What About the “New Testament”?

We have already seen that a Greek philosophical concept permitted theologians to ‘construct’ the doctrine of a God in three persons of one substance, but the Swiss Vocabulaire Biblique says: “No New Testament writings supply explicit assurance of a triune God.” The New International Dictionary of New Testament Theology also admits: “The N[ew] T[estament] does not contain the developed doctrine of the Trinity.” This being the case, Trinitarians have been obliged to resort to strained reasonings to give a few verses in the Christian Greek Scriptures a Trinitarian twist. Let us examine a few.

They can be grouped into two categories: (1) Texts in which God, his Son and the holy spirit are mentioned in the same verse or verses and (2) texts in which any two of them are mentioned.

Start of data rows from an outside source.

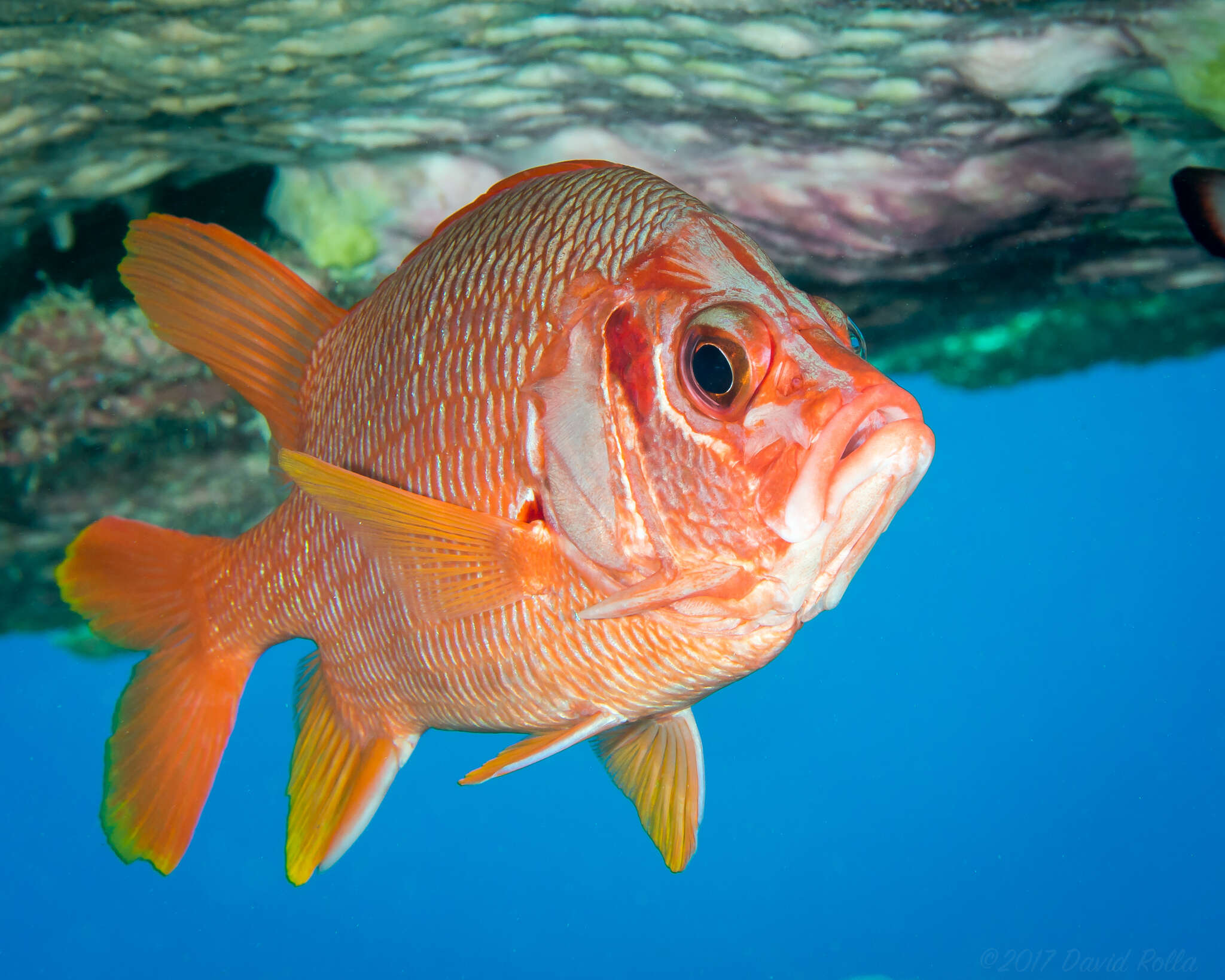 Image of Sabre squirrelfish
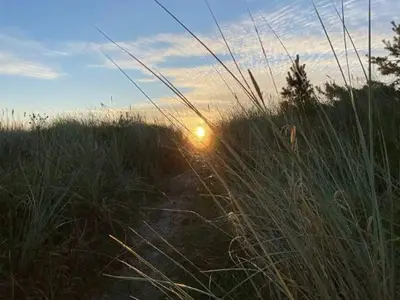 Outdoor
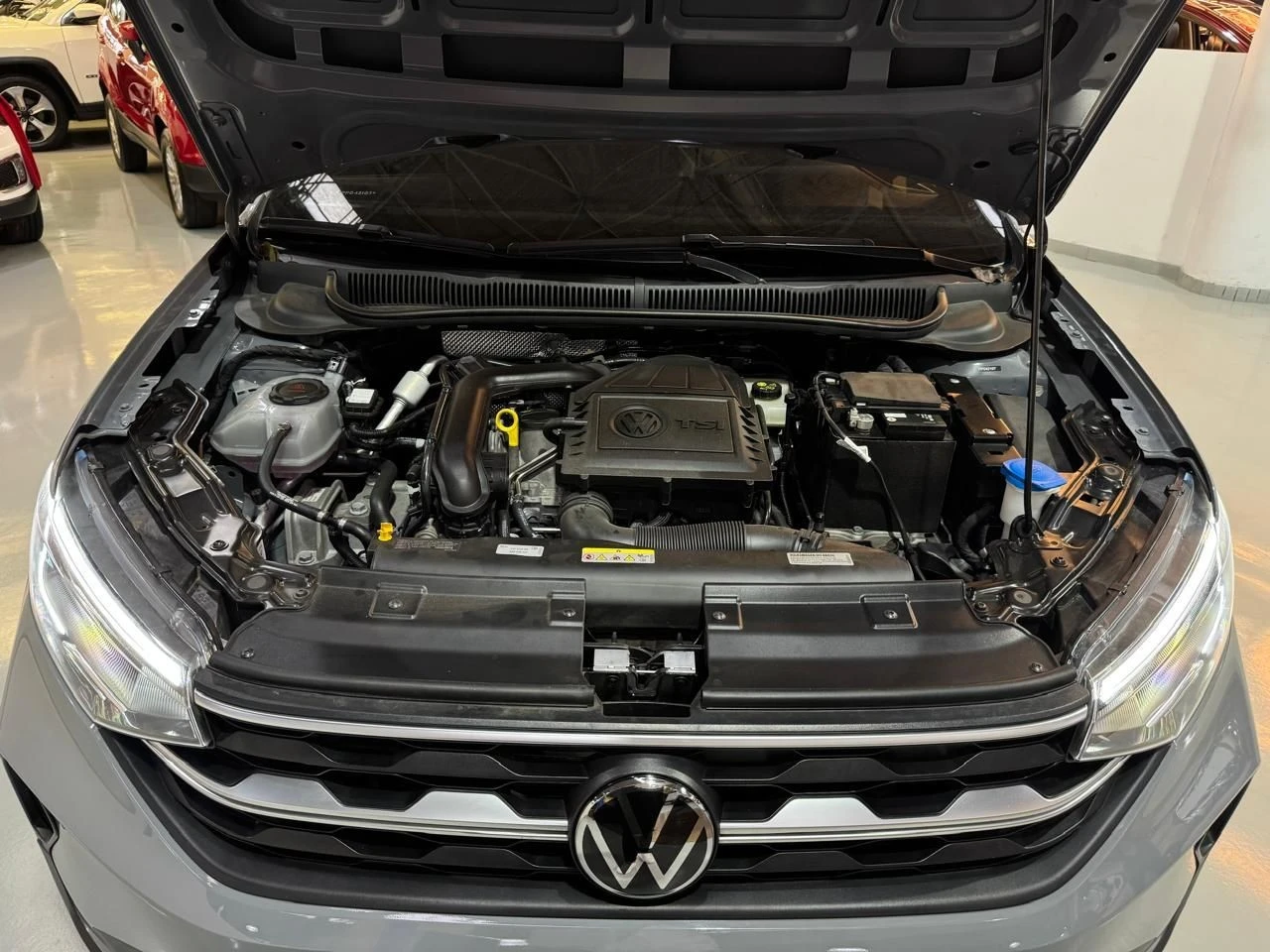 VOLKSWAGEN NIVUS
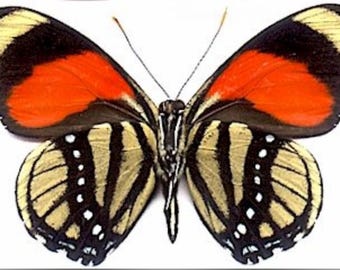 1 A-1 Callicore catjetani Peru Real butterfly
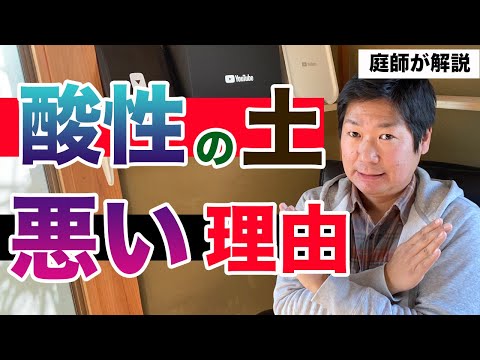 いつ、どのように庭に石灰を加えるのですか？どの植物が最も恩恵を受けるでしょうか?またその理由は何ですか?  庭園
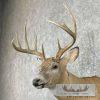 Whitetail Deer Taxidermy Shoulder Mount For Sale - Image 8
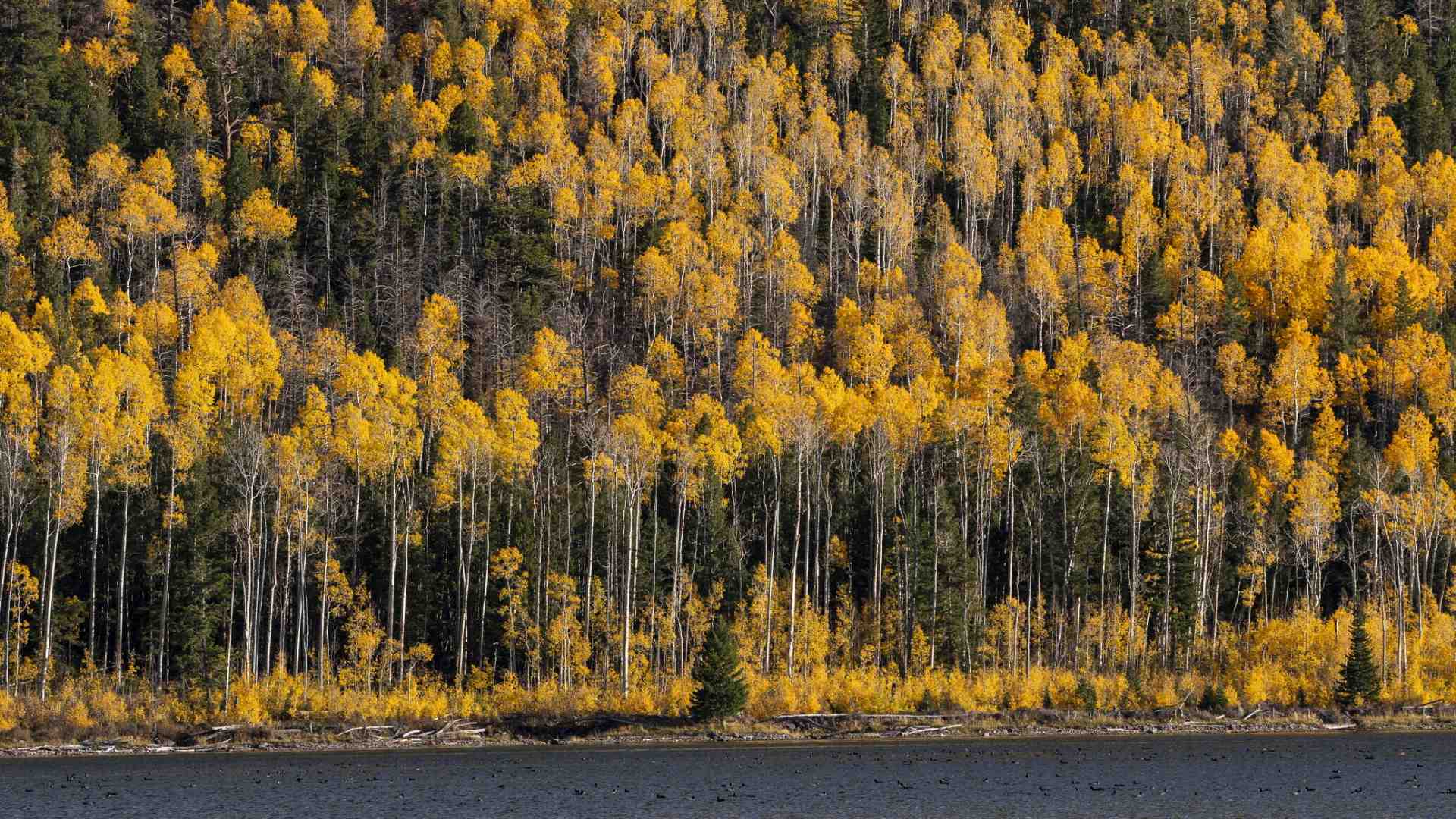Trascorrere 40 mila anni, vivi e vegeti: il caso di Pando in Utah
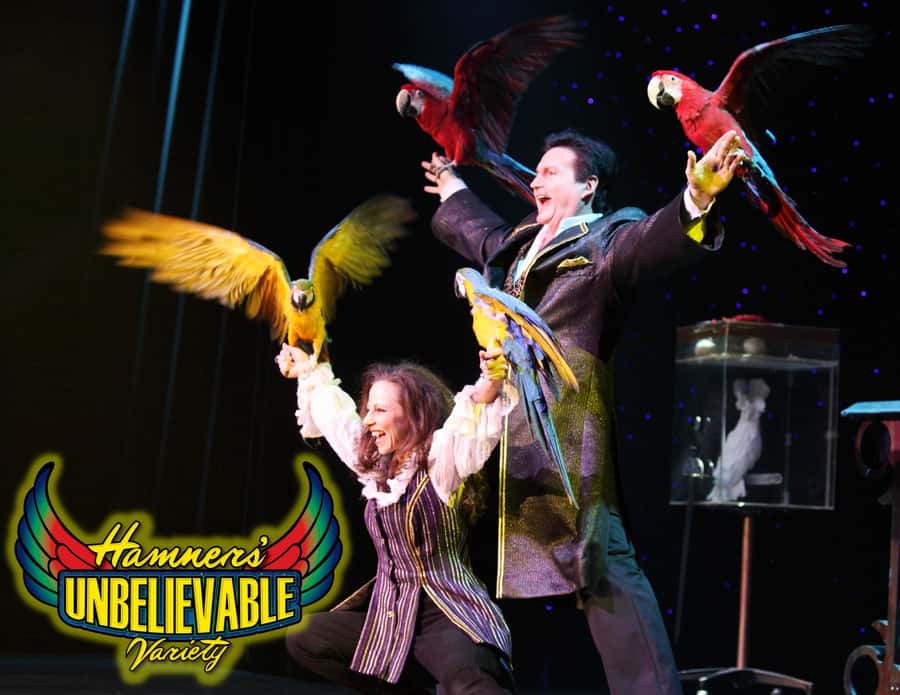 Branson: Hamners' Unbelievable Variety Show Entry Ticket - Aerial work and Cyr Wheel bring the biggest physical thrills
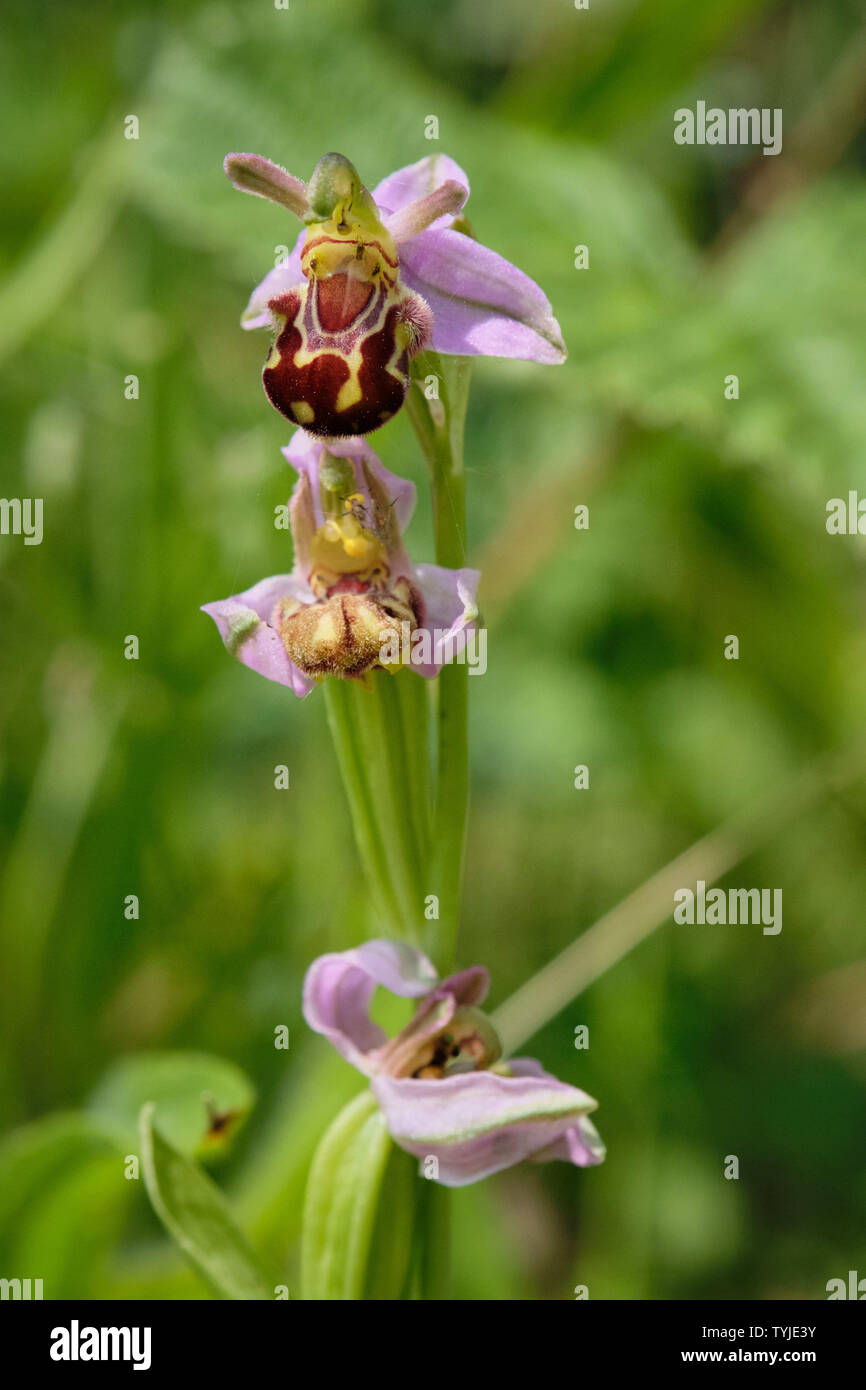 Bee Orchid (Ophrys Apifera) cresce in una in disuso sito Quary Foto Stock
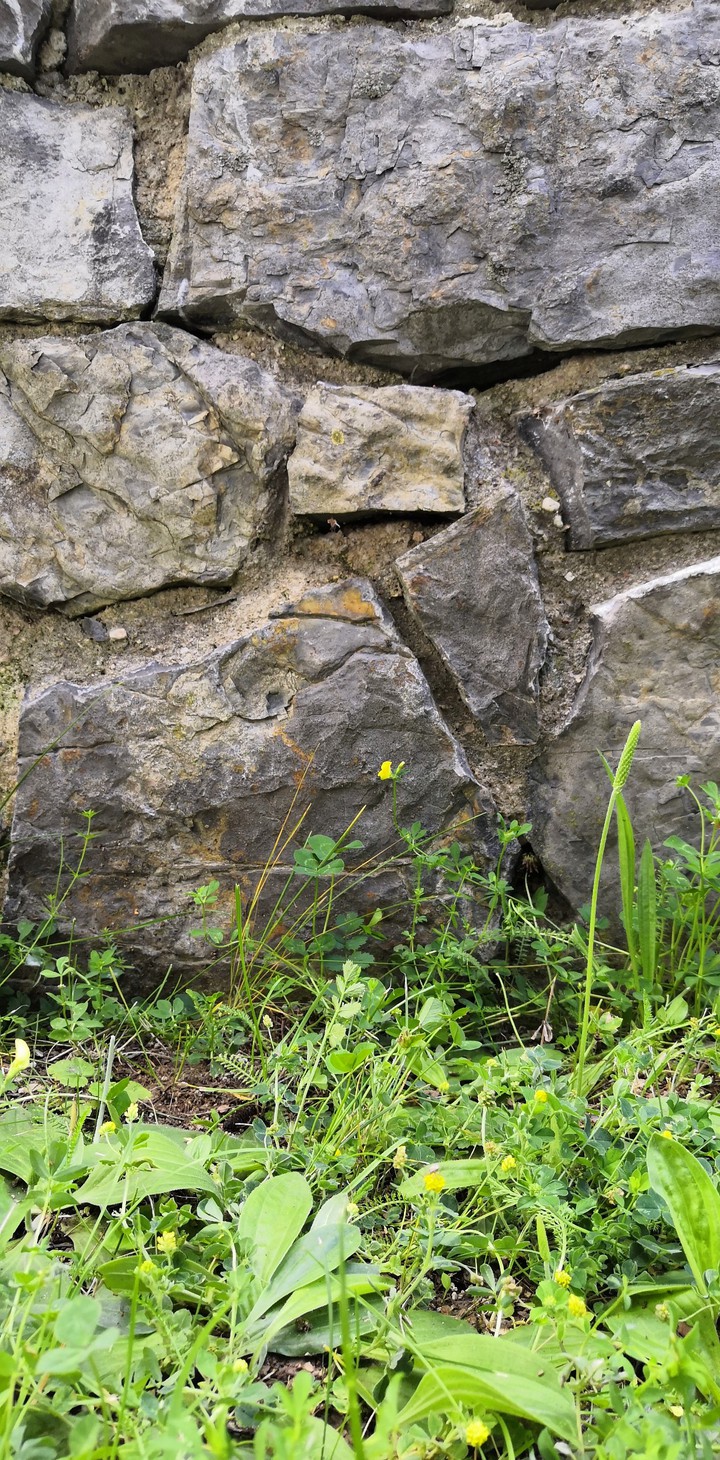 Stones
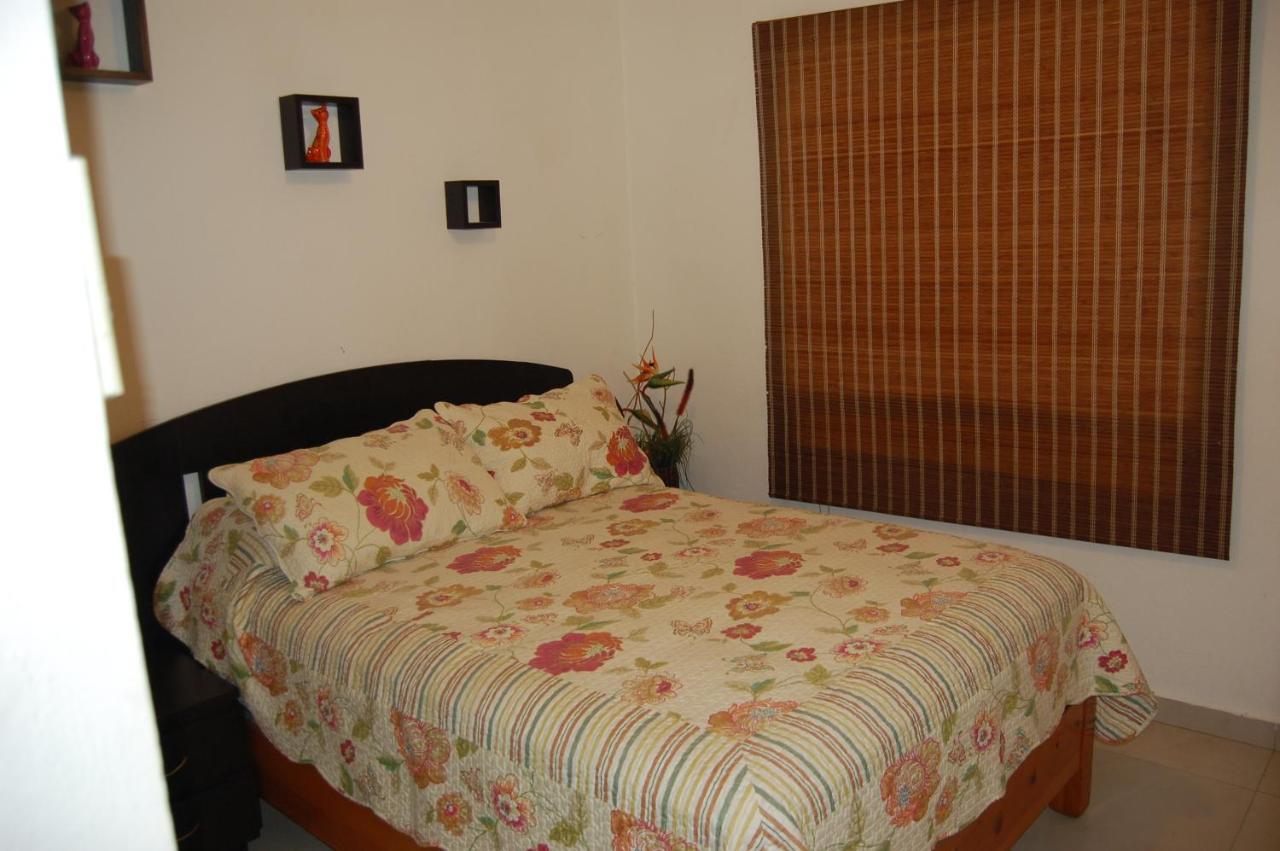 La Casa De Los Gatos Acapulco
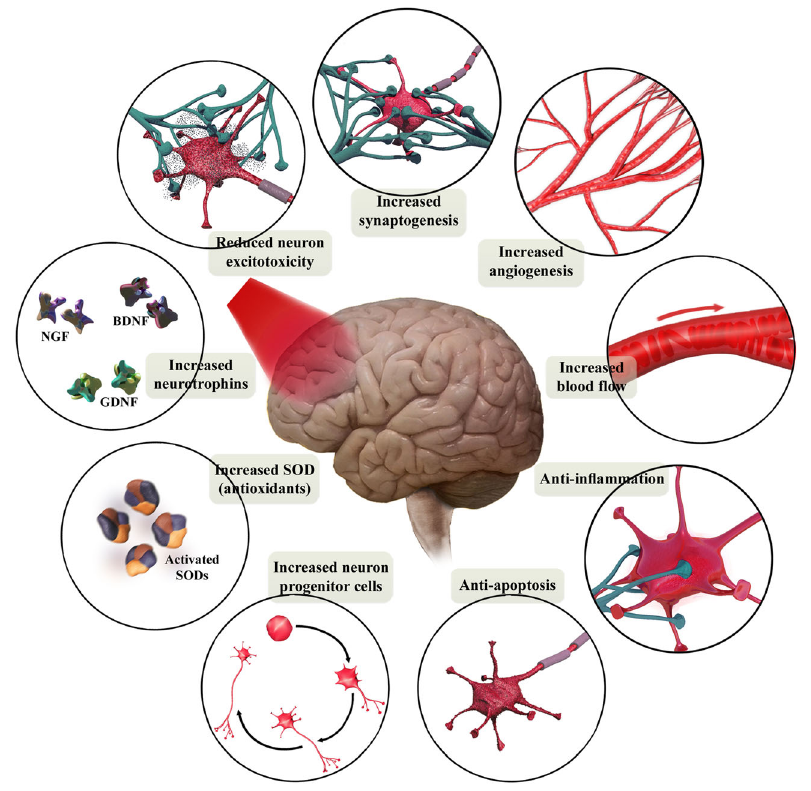 brain tissue-specific processes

The first group includes the texts that are supposed to contain the so-called triadic formula. These are Matthew 28:19 (Father, Son, holy spirit), 1 Corinthians 12:4-6 (spirit, Lord, God), 2 Corinthians 13:14 ([13 in some Bibles] Christ, God, holy spirit), Galatians 4:4-6 (God, Son, spirit of his Son), Ephesians 4:4-6 (spirit, Lord, God) and 1 Peter 1:2 (God, spirit, Jesus Christ).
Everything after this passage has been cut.